In [1]:
# Here are some necessary packages that we need to import to run this notebook

import numpy as np
import matplotlib.pyplot as plt

from google.colab import drive 
drive.mount("/content/drive/")

import os
os.chdir("/content/drive/My Drive/DSECOP/Colab Notebooks/")
!pwd

ModuleNotFoundError: No module named 'google'

# Quantifying goodness of fit BONUS notebook: The Kolmogorov-Smirnov goodness of fit test



In this notebook, we've focused on the $\chi^2$ test statistic. But this test is only truly useful for categorical data (i.e. datasets of counts or frequencies). For histogram-based analyses, the number of "categories" could maybe be considered equal to the number of binsm, but it might be easier to work with normalized histograms anyways. Then the $\chi^2$ test statistic might fail to gauge goodness-of-fit for a given model.

A useful goodness-of-fit procedure for histogram-based analyses is the *Kolmogorov-Smirnov* test.
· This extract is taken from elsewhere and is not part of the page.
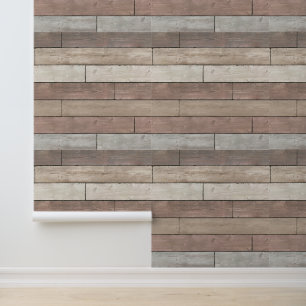 Abstracte geometrische oude harde houten strookpla behang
Consider a data sample of size $n$ with a probability distribution $p_n(x)$ (in other words, the normalized histogram) and a cumulative distribution function (CDF) $F_n(x)$. Let's say that you want to test whether the data can be well-modeled by the probability distribution $p_0(x)$ with a cumulative distribution function $F_0(x)$.

$$D_n = \max_x |F_n(x) - F_0(x)|.$$

In essense, we're calculating the largest difference between the CDFs of the data and the postulated model. (Try to prove to yourself that for a model that perfectly fits the data, $D_n = 0$.)

Each $n$ and $\alpha$ ($p$-value) pairing is associated with a critical test statistic $d_{n, \alpha}$. You can find these in a [lookup table](https://www.real-statistics.com/statistics-tables/two-sample-kolmogorov-smirnov-table/). If $D_n > d_{n, \alpha}$, then the null hypothesis must be rejected at the given confidence level. 

*Note*: the Kolmogorov-Smirnov test is defined for *unbinned* data with a continuous CDF. Here, we're asking you to run the test on Poisson-distributed data, which is discrete (as you can only measure an integer number of counts). So take this example with a grain of salt. In writing code to do a pseudo- Kolmogorov-Smirnov test, you'll gain conceptual understanding in what the test actually measures. But you won't be able to meaningfully accept of reject the null hypothesis. 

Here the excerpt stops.